The New York Times’ Maureen Dowd launches a salvo against Mitt Romney and his Mormon faith by cobbling together the usual jeers and criticisms from such Mormon experts as Bill Maher, Christopher Hitchens, and those angry with baptisms of the dead, particularly of Holocaust victims. She also includes Richard Bushman and a member of the BYU religion faculty.

But her intention is clear: to roll out any claim that Mormonsim is weird, different, and an anyone who is a believer is unworthy of being taken seriously. Not unheard of but expect more of this from the Left as Mitt Romney gets closer to threatening President Obama.

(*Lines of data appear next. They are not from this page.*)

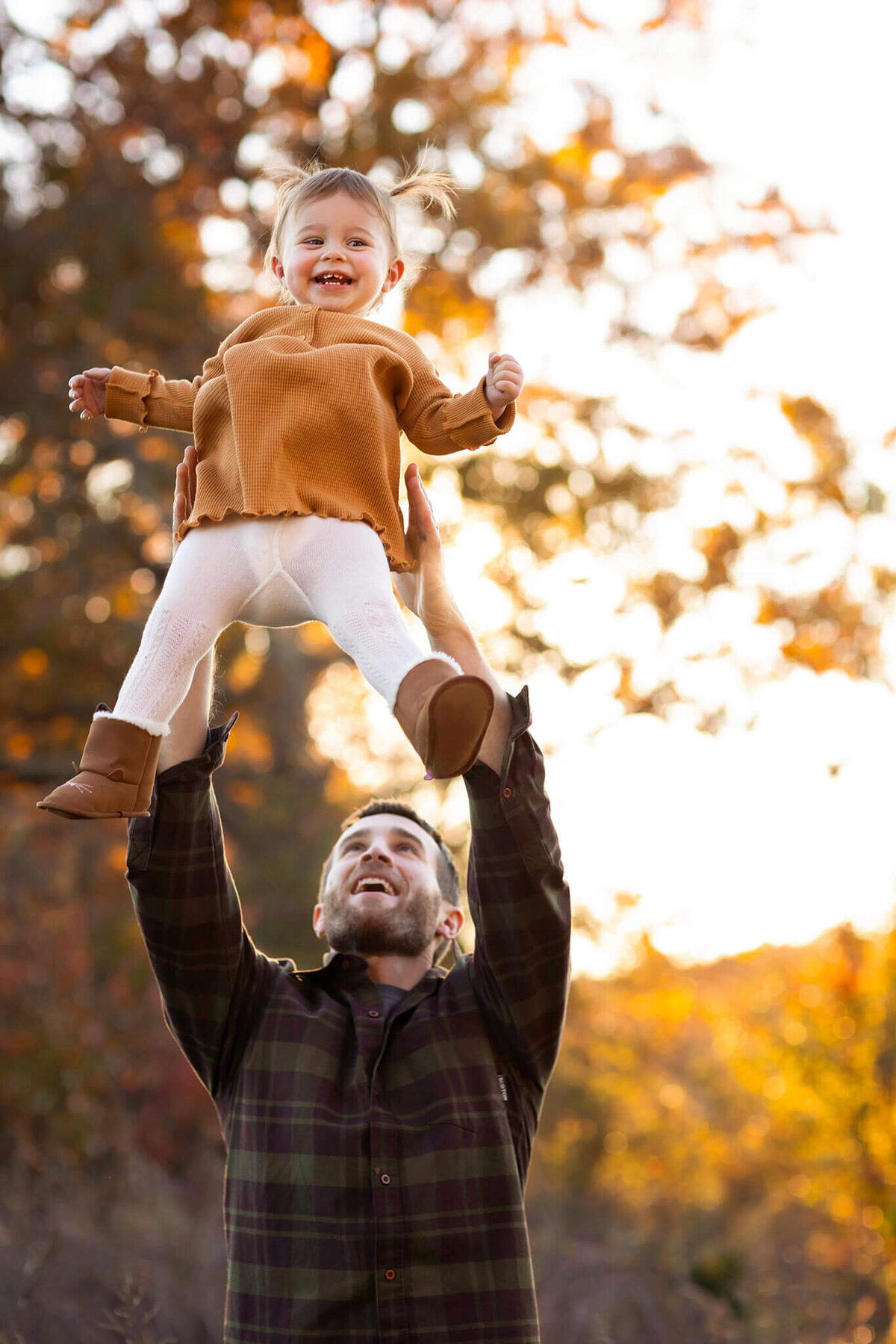 Portrait photographer has dad throw his daughter into the air for some NJ fun in a park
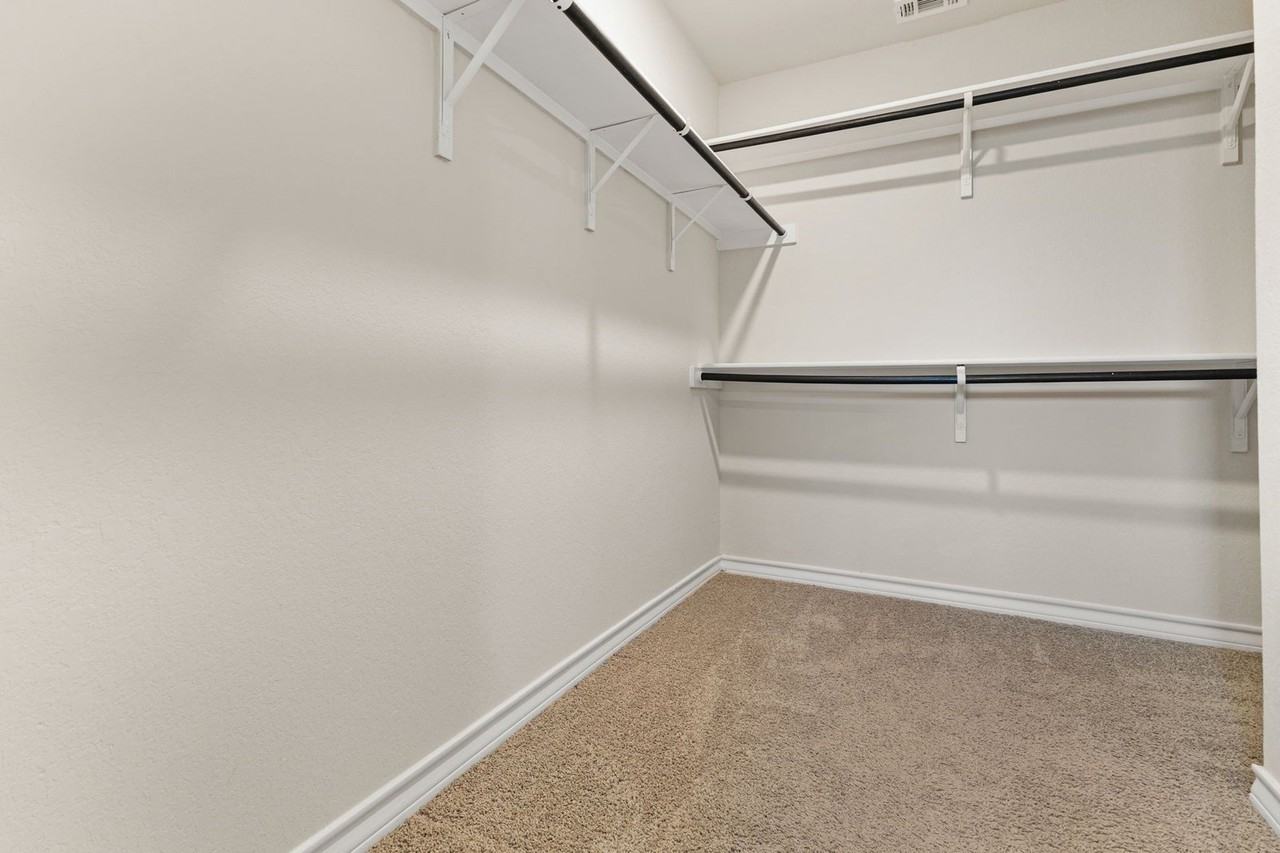 6723 Hoffman Pln - Photo 6 of 8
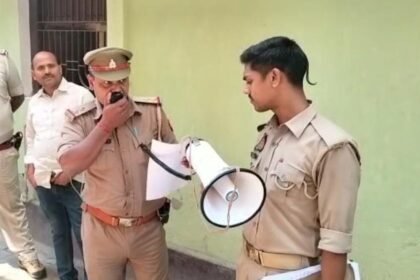 image editor output image1827638388 1682354956406 1 यूपी पुलिस ने फरार अभियुक्त के घर चिपकाया इश्तेहार, माइक से सरेंडर करने का किया अपील
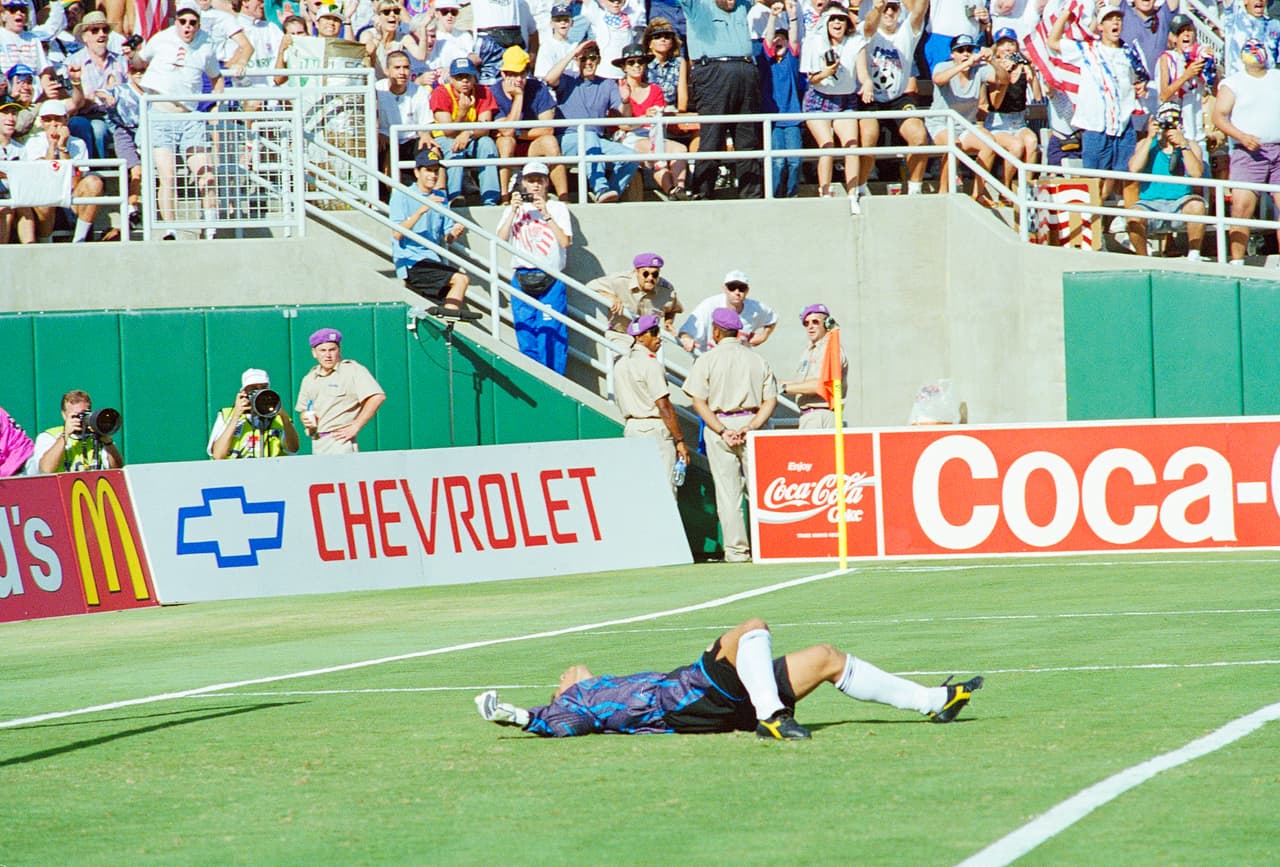 La frustración del gol en contra fue un duro golpe, un impacto que se sintió por parte de los colombianos en la cancha.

Fortunately, Commentary – a conservative political magazine with a Jewish perspective – takes Dowd and the Times to rightfully task:

Of course, as she admitted, it’s easy to mock any faith, and the columnist is well-known for having a negative opinion about the Catholic faith in which she was raised. But would the Times let her get away with poking fun at the skullcaps or items of clothing associated with religious Jews such as the fringed garment many Orthodox Jews wear? Would she have mocked Muslims for their burqas or head coverings? But in an era where a satire about Mormons is a Broadway hit and many liberals worry about Romney’s ability to beat President Obama next fall, right now it’s open season in the Grey Lady on Latter Day Saints.

It should be specified the Mormon practice of seeking out every name of everyone who ever lived — even the victims of the Holocaust — and posthumously baptizing them into their faith was deeply offensive to non-Mormons. To its credit, the official LDS Church finally gave it up in the 1990s, but the ill will that this ritual created still lingers.